John Coltrane: Live at Birdland
Album #42 - January 1964
Episode date - September 28, 2016
Back in 1964, jazz music was not on the radar of youth culture. Unless you were born to the Marsalis family in New Orleans, chances are that the only jazz you heard growing up was on Saturday morning cartoons or maybe ‘Ed Sullivan’ or some other variety show.
With the British Invasion in full swing, jazz was rendered moot, even for a large percentage of the older populace. The sudden stylistic change certainly caused a great deal of resentment among the jazz cognoscenti, but what did they expect? The genre had evolved from the ‘40s pop music of swing to the much more elitist ’50s be-bop style, taking it so far away from populist taste that even most adults found it too demanding, and the generation of kids raised on rock and roll had no use for jazz at all. I was one of those ‘British Invasion’ kids, so jazz didn’t seriously enter my consciousness until I was nearly twenty years old.

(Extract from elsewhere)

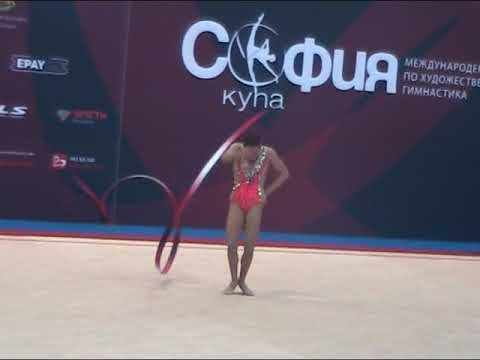 Katrin Tsoneva Ribbon Sofia Cup 2019 F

By then, it seemed obvious that to appear well rounded and intelligent, you needed to have at least a passing knowledge of jazz, so a few friends and I dabbled in albums by the most lauded artists like Miles Davis, Thelonious Monk, Charles Mingus and John Coltrane. Each of these artists had catalogs that were impossibly deep and complex, so we dug through discount bins and hoped to get lucky. Based on critical opinion, the must-have albums by Coltrane were “A Love Supreme” and “Blue Trane,” and if you were especially adventurous, his Atlantic albums “My Favorite Things” and “Giant Steps” (all except “A Love Supreme” were released before 1964). To my young ears, these records sounded like gas music from Jupiter. The music was completely foreign to a generation raised on the Beatles, Bob Dylan and the Monkees, so jazz records sat in my collection like strange anomalies, sometimes played on Sunday morning while reading the New York Times.
It wasn’t until I grew older that this music finally started to penetrate my cranium to the point where it could be understood and genuinely appreciated for its greatness. By then, I also realized that these artists had catalogs that went much, much deeper than the few releases hailed by populist critics. Slowly, I started to dabble with alleged ‘obscurities’, and often found music that was by turns challenging and breathtaking.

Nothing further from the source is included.